▶ Work request
An exact transcription is needed of the lines below from the one with "Front view of" through the one with "Spacious bedroom with", with no other lines and no pictures.

▶ Available records
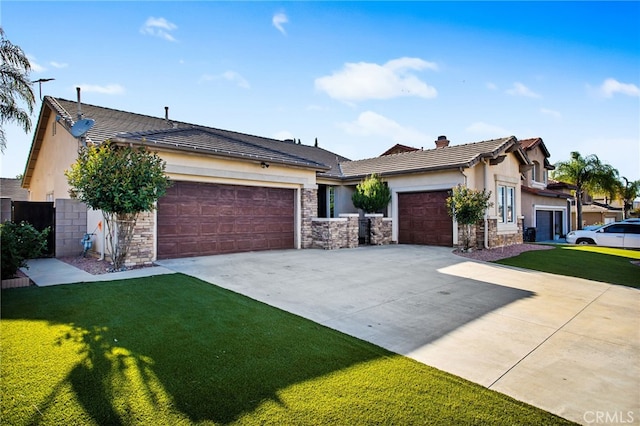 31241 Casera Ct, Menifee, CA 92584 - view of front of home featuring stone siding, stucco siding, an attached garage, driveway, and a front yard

---

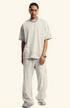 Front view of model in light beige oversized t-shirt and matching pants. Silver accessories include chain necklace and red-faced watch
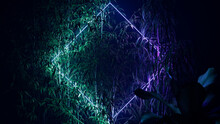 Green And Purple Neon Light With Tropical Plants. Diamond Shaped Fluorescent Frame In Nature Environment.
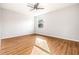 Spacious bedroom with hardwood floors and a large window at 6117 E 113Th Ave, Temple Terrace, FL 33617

▶ Your response
 Front view of model in light beige oversized t-shirt and matching pants. Silver accessories include chain necklace and red-faced watch
 Green And Purple Neon Light With Tropical Plants. Diamond Shaped Fluorescent Frame In Nature Environment.
 Spacious bedroom with hardwood floors and a large window at 6117 E 113Th Ave, Temple Terrace, FL 33617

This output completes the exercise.